In late 2018, Fischbach wrote the script for A Heist with Markiplier, which in contrast to the original, had a total of 31 endings. He partnered up with Rooster Teeth to film it, and production was funded by YouTube Premium, who also distributed the special, due to wanting their own interactive-video-project.

Production started in Austin, Texas. Fischbach reprised his role as Mark, and internet personalities Rosanna Pansino, Matthew Patrick and Chance Morris joined the cast in main roles. Filming began in May 2019 and finished in June 2019.

Reception

Critical response 
In a review for the Clark Chronicle, Griselda Eychaner said, "That’s what sets this series apart from everything else on YouTube: it’s made for the viewer. The story is what you decide it should be. And it will go in a completely nonsensical direction no matter what you choose, so you can pretty much do what you want without fear of consequences."

Controversy 
On November 6, 2019, a week after the special was released, Fischbach screened an interactive livestream on YouTube of the movie. Paid subscribers to his channel could navigate the choices of the movie with special emotes of a red paddle and a green paddle. The stream was supposed to be an interactive experience, but YouTube ended up banning hundreds of accounts watching the stream that "spammed" the emotes. It wasn't until nearly an hour and a half into the stream that the moderators noticed the problem.

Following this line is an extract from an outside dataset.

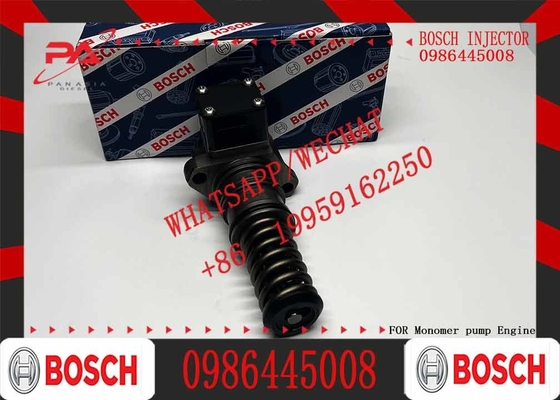 EUP Electronically Controlled Single Pump Plunger 0414755006 0414755007 0986445008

Many YouTube users, and Fischbach himself, were upset about the situation. Fischbach explained that accounts weren't just getting banned; subscriptions were disappearing, content was being deleted, and it wasn't just YouTube accounts being deleted. Entire Google accounts were being terminated, and many users who filed appeals to get their accounts back had them denied. Eventually the accounts were reinstated.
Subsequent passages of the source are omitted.